RECORD EXTRACTS:
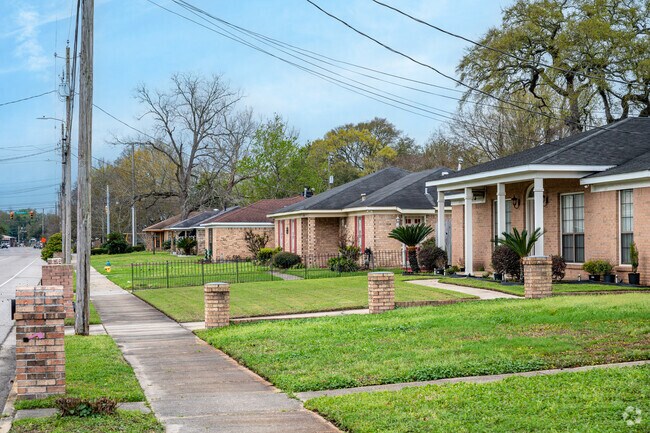 Brick homes in the Texas Street neighborhood are bordered by sidewalks.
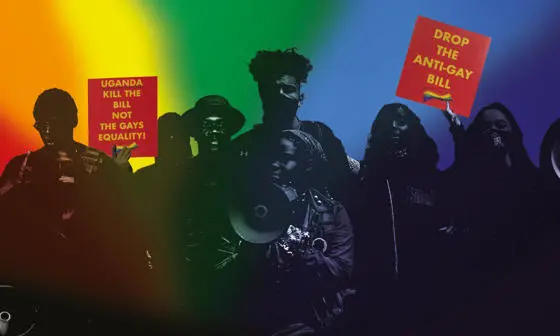 A crowd of people with protest signs that say 'Drop the anti-gay bill' and 'Uganda kill the bill'.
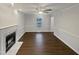 Bright living room with fireplace, ceiling fan and hardwood floors at 1599 Rogers Pointe Ln, Creedmoor, NC 27522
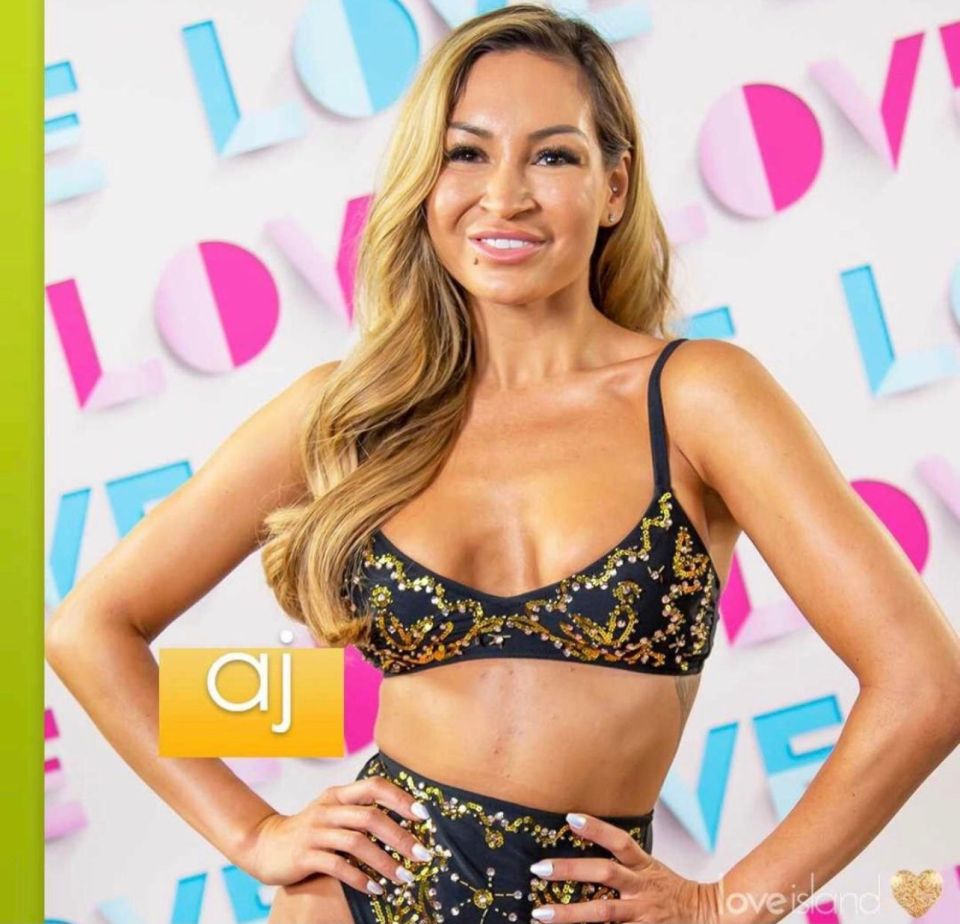 AJ says she hates looking back at her promo shot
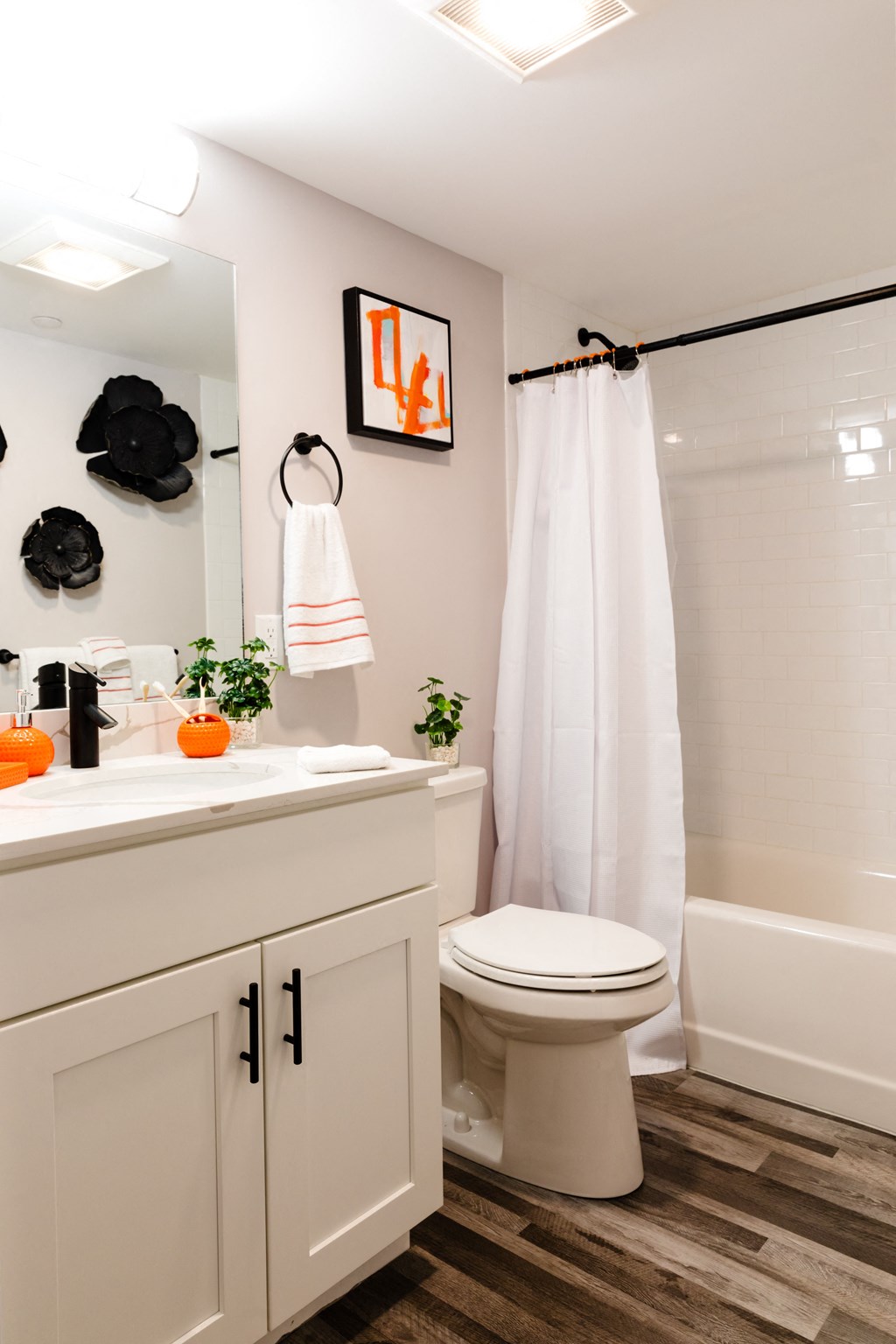 a bathroom with a toilet and a shower and a sink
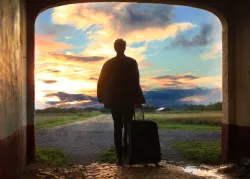 A man with a suitcase.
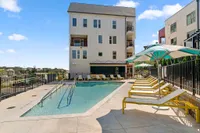 community pool with lounge chairs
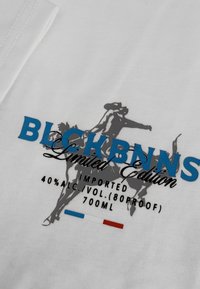 Wit textiel met blauwe en grijze bedrukte tekst. Bevat een afbeelding van een ruiter, met "LIMITED EDITION" en details over het alcoholgehalte onderaan.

EXERCISE: Images are to be left out; everything else in the material must be written out exactly.

YOUR SOLUTION:
 Brick homes in the Texas Street neighborhood are bordered by sidewalks.
 A crowd of people with protest signs that say 'Drop the anti-gay bill' and 'Uganda kill the bill'.
 Bright living room with fireplace, ceiling fan and hardwood floors at 1599 Rogers Pointe Ln, Creedmoor, NC 27522
 AJ says she hates looking back at her promo shot
 a bathroom with a toilet and a shower and a sink
 A man with a suitcase.
 community pool with lounge chairs
 Wit textiel met blauwe en grijze bedrukte tekst. Bevat een afbeelding van een ruiter, met "LIMITED EDITION" en details over het alcoholgehalte onderaan.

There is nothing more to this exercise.